The personnel agenda included the following actions, all of which were unanimously approved:
• High School Principal Geoff Walmer recommended the hiring of Julie Baird as the high school’s receptionist, effective Aug. 23.
• Assistant Principal Steve Perek recommended the hiring of Jody Francis as a cafeteria worker three hours each school day, effective Aug. 20.
• Walmer recommended the hiring of Brady Nyland as a high school physical education paraprofessional, effective Aug. 26.
• Perek recommended increasing Bianca Carty’s cafeteria worker’s position from three hours to 4.5 hours, and Jennifer Umanzor’s position from 4.5 hours to five hours, both effective Aug. 20.
• Michael Eshbach, Jaime Norris and Ami Steg resigned from their respective positions of high school physical education and health teacher, high school special education teacher and high school three-hour cafeteria worker.
The budget is the first formulated under the state’s new regulations. “Last year the state changed the budgeting from several different silos of money to two funds, education and operations,” said Dr.

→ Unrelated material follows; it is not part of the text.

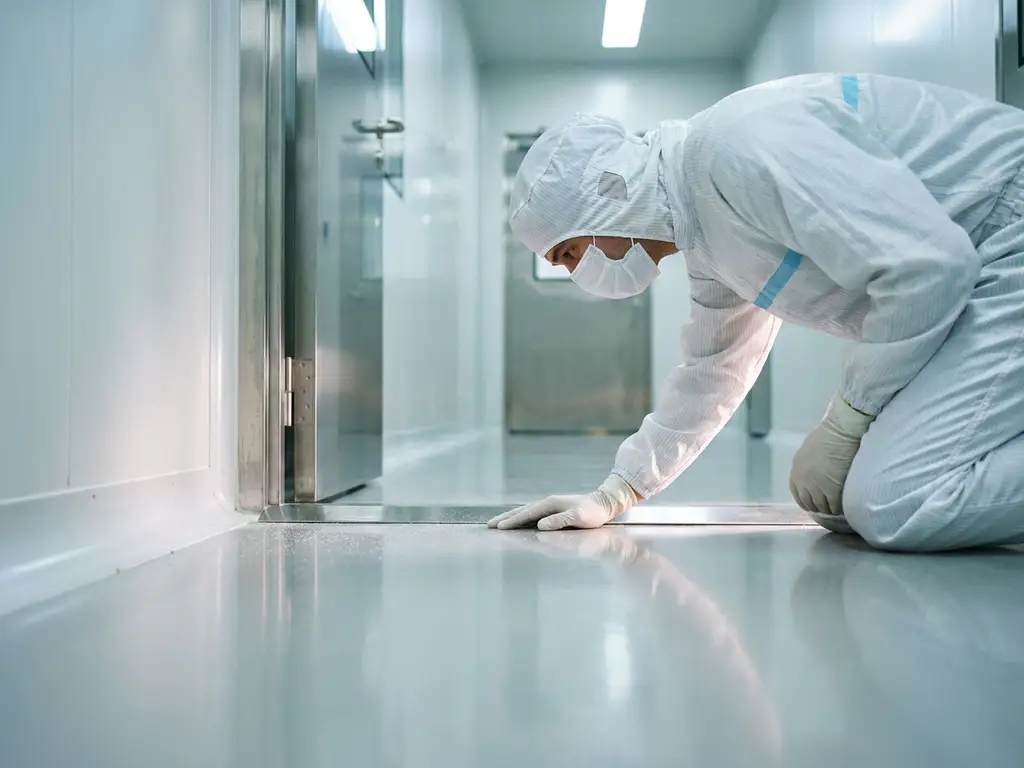 Cleanroom technician in white gown and gloves crouching to inspect epoxy floor near entry threshold, dust particles visible along baseboard.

Thomas Edington, the school corporation’s superintendent. “The state provides the bulk of the funds for education.”
“The two funds are used for the operation of the schools,” said Jim Evans, director of finance. He noted the two omnibus funds include others. “The debt service fund is to make payments on bond issues, and the rainy day fund is appropriated during the budget process.”
Edington explained the rationale for the 2019-20 budget figures. “The balance we work is to maintain one of the lower school tax rates in the state and still provide quality education our community expects. We will continue to work to do that.”
Edington noted an addition to this year’s curriculum.
“We have an electrical course, ‘Power Up,’ starting up this year. Ultimately we prepare students to become electricians plus they learn how to operate drones and other electrically powered devices. That will lead to the ripple effect of employment in the manufacturing area and other areas in the electrical industry.
“Students can transition into the workforce from high school, knowing they will receive continual training in the future. Some will graduate and have further training in cooperation with and paid for by their employers,” he said.
“We always look to see if there is a program that will have a certain enrollment, if we have enough students to maintain that class in the future.”
Budget figures may be found at www.wawasee.k12.in.us.